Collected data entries
^^^^^^^^
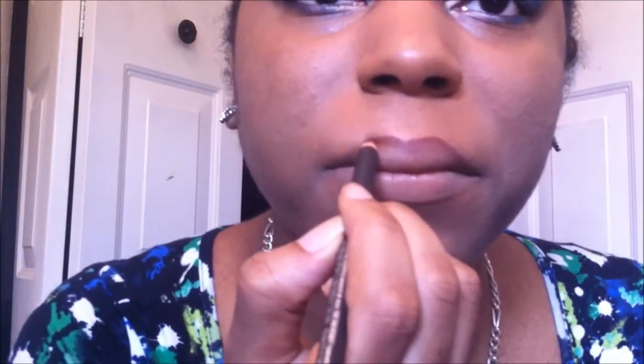Here I am using foundation to block out my lips, then I use a lip liner by MAC called Night Malt and line my lips with that, and then add a lip gloss by MAC called Nymphette.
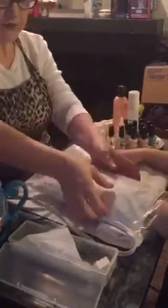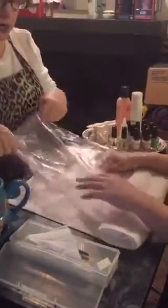Epic hand massage. Did they teach you that in nail school? They're supposed to. Feels good. And then the mitts go away — goodbye mittens!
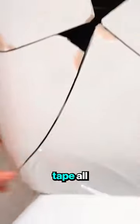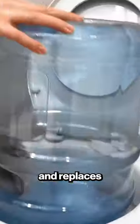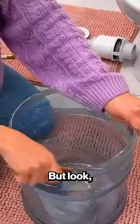First, she puts tape all around the toilet and comes in with a hammer to destroy it all. She pulls out the broken pieces and replaces them with a big plastic jar. But look, there's more to come.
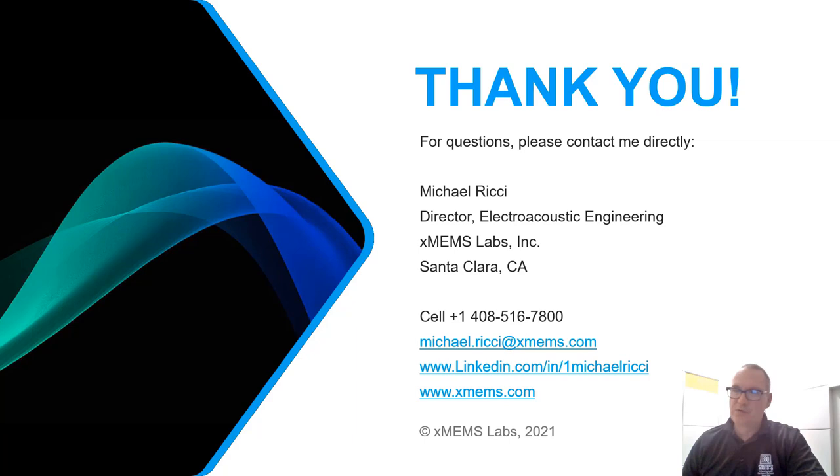I believe that the future is here with a new type of transduction mechanism for microspeakers appropriate for occluded earbud designs. If you've got questions and you'd like to discuss any of the information shown here today, please feel free to reach out to me — my contact information is listed here. I'll do my best to get back with you in a timely manner. Be well, be happy, and thank you again for your time today.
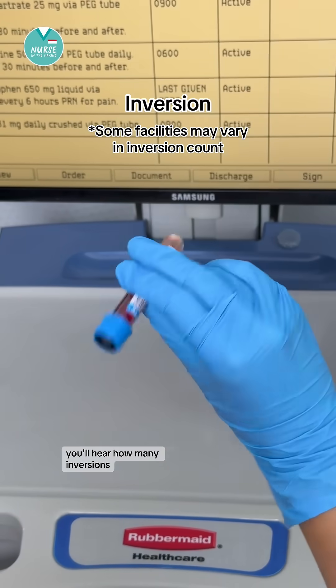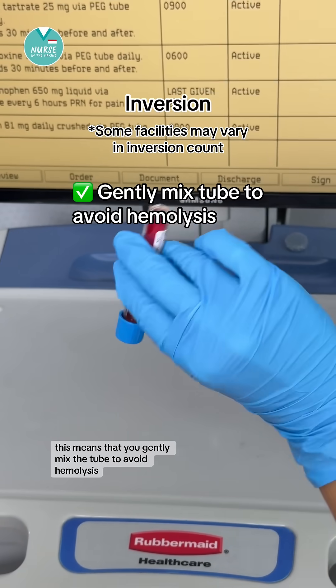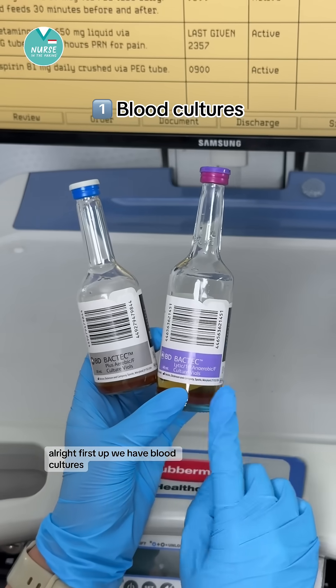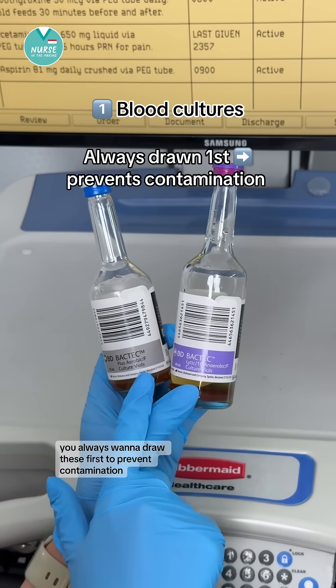For each tube, you'll hear how many inversions. This means that you gently mix the tube to avoid hemolysis, but inversion does not mean shaking the tube. First up, we have blood cultures. You always want to draw these first to prevent contamination.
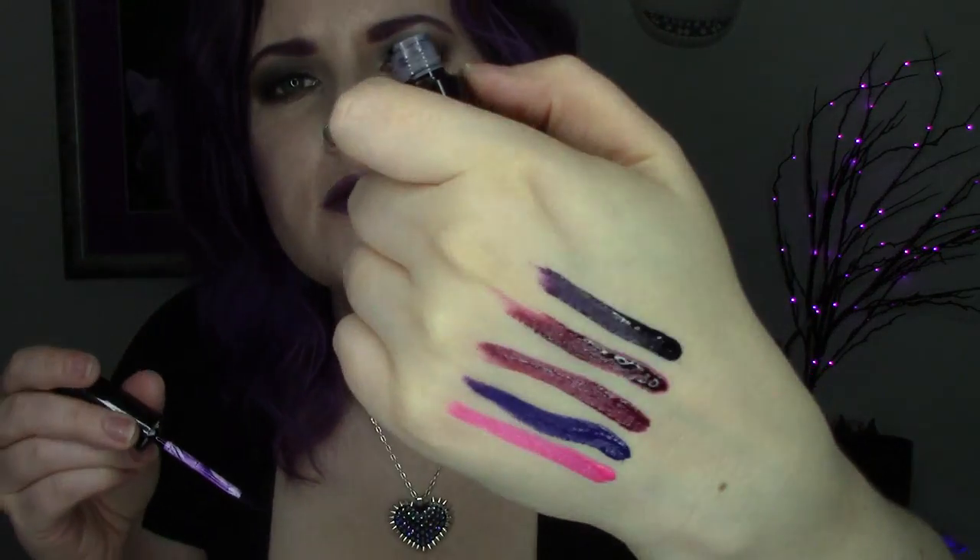Like I said, I noticed with the more traditional lip tars — the ones that are matte — they seem more runny, and so they seem to bleed. I highly recommend using the OCC color pencils to line your lips before you apply these.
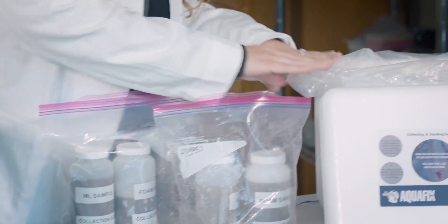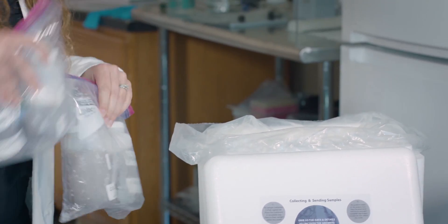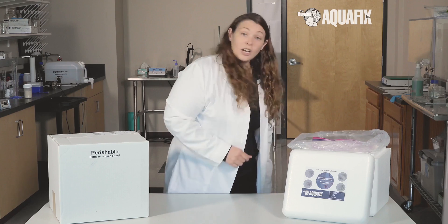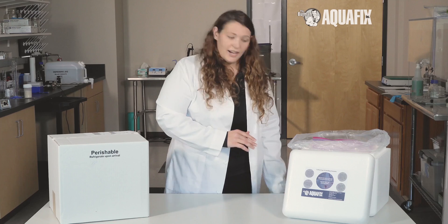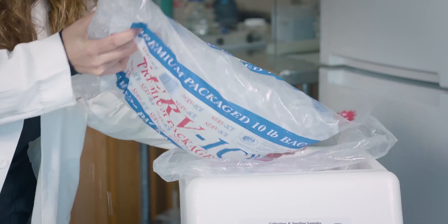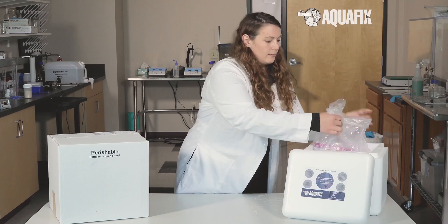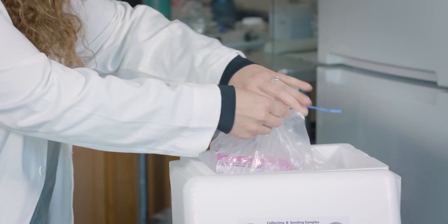Place the liner bag within the cooler and place your sample bottles in the center of the cooler, again remaining upright. Cover the sample bottles with ice completely. Twist the liner bag and use the twist tie to seal the bag shut.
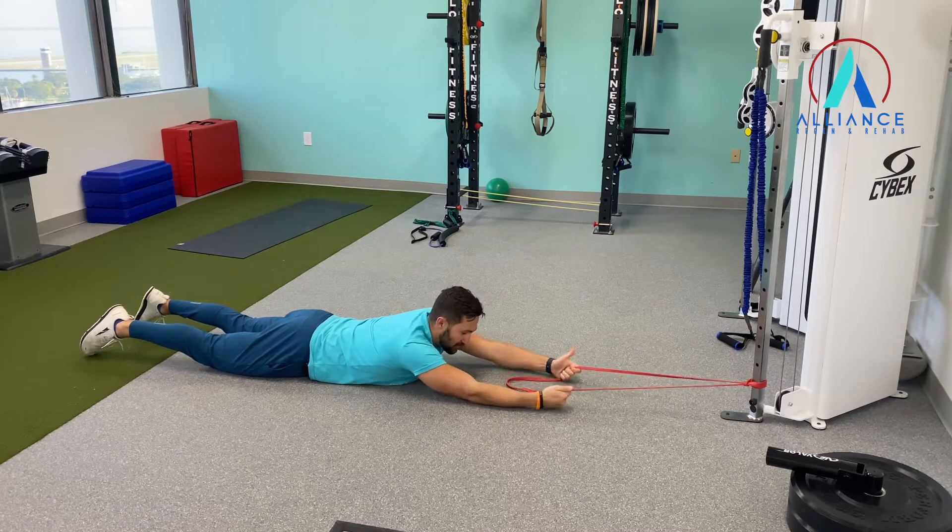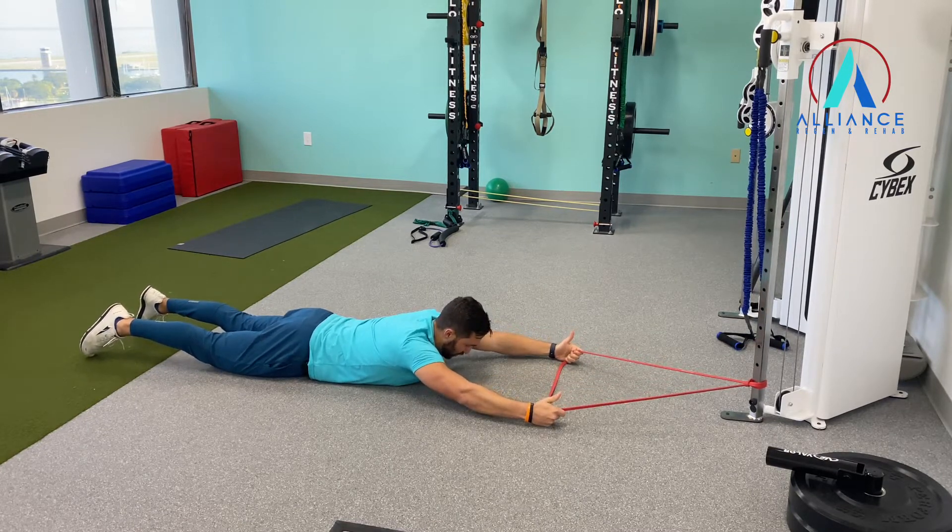Grab that band with your palms up, nice and wide here to start off. Keep your glutes squeezed — that'll help with a little bit of spinal stability.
^^^^^^^^
● **EXERCISE REQUIREMENTS**:
"I believe that" marks the first line to copy, and "For each tube, you'll" marks the last. Repeat that stretch above exactly, with no pictures.

● **ANSWER TO THE PROBLEM**:
I believe that the future is here with a new type of transduction mechanism for microspeakers appropriate for occluded earbud designs. If you've got questions and you'd like to discuss any of the information shown here today, please feel free to reach out to me — my contact information is listed here. I'll do my best to get back with you in a timely manner. Be well, be happy, and thank you again for your time today.
For each tube, you'll hear how many inversions. This means that you gently mix the tube to avoid hemolysis, but inversion does not mean shaking the tube. First up, we have blood cultures. You always want to draw these first to prevent contamination.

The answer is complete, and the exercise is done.